* [How to complete this task]:
Where the records below reach the line containing "Silver plated adjustable", start transcribing, and end with the line containing "Rattan Schwarz vidaXL", exactly and with nothing else added.

* [Extracted information]:
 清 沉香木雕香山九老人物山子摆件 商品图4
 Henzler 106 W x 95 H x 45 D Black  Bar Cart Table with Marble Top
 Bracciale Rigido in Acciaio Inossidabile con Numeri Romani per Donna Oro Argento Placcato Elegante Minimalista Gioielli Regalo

* * *

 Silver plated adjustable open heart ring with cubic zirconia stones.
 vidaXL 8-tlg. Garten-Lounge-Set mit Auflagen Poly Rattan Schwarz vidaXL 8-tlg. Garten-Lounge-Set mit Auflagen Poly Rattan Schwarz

* [Output]:
 Silver plated adjustable open heart ring with cubic zirconia stones.
 vidaXL 8-tlg. Garten-Lounge-Set mit Auflagen Poly Rattan Schwarz vidaXL 8-tlg. Garten-Lounge-Set mit Auflagen Poly Rattan Schwarz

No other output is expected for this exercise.